GOLD had a nice bump in reaction to the Chinese Yuan devaluation. In addition GOLD also had an short-term oversold bounce as we predicted in last week’s trading plan.
The rally was sharp and quick, and provided excellent trading opportunities. There were at least two entry opportunities once Nat’s pivot was broken early in Monday overnight trading, and two excellent exit signals — including a retracement exactly to her sell level — for anyone who missed the first exit.
The trades this week were relatively simple, and well-signaled. The gross profit was approximately $2900 per contract for traders who followed her trades. Traders who went short at her first sell level also had the opportunity to pick up an extra $700 per contract.
Here is the annotated chart for last week:
CNBC reports that global demand for gold has dropped to a 6-year low as buyers in China and India reduce their bullion purchases. This drop shows a rough road ahead for GOLD in the coming months.

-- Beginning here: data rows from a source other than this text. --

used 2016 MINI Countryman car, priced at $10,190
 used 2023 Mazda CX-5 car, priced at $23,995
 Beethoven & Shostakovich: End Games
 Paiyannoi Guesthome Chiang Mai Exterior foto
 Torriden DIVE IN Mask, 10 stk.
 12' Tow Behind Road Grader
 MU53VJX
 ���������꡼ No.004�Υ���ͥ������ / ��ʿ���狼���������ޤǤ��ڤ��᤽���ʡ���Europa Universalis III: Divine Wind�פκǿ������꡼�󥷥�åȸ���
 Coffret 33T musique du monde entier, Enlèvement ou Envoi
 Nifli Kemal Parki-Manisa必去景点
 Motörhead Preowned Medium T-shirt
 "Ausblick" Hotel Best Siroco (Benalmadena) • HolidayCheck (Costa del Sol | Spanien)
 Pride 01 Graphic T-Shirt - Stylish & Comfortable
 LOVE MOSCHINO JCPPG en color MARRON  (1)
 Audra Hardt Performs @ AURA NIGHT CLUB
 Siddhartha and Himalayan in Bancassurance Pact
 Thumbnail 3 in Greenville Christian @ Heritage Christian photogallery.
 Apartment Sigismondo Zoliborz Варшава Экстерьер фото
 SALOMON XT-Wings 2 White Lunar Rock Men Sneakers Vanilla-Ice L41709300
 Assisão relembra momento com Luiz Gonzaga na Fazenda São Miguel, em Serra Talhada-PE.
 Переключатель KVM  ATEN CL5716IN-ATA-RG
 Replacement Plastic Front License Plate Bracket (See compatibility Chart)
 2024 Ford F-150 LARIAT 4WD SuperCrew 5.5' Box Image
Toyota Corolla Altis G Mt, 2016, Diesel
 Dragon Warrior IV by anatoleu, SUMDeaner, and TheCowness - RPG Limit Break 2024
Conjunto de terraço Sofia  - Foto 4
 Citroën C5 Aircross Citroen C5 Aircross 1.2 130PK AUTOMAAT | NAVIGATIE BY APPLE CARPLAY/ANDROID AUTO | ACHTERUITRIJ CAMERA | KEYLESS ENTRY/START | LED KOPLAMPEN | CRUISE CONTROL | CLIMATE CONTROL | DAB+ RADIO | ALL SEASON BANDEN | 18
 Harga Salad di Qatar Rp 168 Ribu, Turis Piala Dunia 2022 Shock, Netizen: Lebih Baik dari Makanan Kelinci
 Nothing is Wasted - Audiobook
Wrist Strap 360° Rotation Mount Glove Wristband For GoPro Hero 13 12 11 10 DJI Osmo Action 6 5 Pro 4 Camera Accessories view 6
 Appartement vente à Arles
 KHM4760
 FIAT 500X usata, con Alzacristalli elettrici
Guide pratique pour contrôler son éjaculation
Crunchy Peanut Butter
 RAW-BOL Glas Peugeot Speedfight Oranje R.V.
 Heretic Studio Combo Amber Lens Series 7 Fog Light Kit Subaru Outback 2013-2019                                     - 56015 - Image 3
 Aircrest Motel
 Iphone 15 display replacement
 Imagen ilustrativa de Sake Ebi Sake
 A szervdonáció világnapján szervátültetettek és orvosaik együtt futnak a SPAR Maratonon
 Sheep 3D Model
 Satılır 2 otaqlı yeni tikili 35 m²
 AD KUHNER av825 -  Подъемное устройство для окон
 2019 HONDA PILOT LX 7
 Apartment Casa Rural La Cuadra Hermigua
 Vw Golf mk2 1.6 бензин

However the weak demand and falling price might help hold the price up by tempting die-hard gold buyers — especially if there is some potential for increasing demand in the second half of 2015. The Chinese Yuan devaluation will make Yuan-denominated markets more attractive.
Download the detailed trading plan with the buy/sell numbers here: 150817-gold-plan
This week, $1103.50-1104.50 remains a key zone. Holding above it will lead the price up to retest last week’s high 1126-29 or higher up to $1139.60-43 zone.
A move below it could cause a price drop into the 1093-90.50 zone or lower to last week’s low area 1085-82 for testing. See the gold trading plan for detailed entry and exit points.
The intermediate-term indicators remain in oversold territory while short-term indicators approach the overbought area. GOLD could move in both directions this week. 1150-45 is major resistance zone and 1080-75 is major support zone.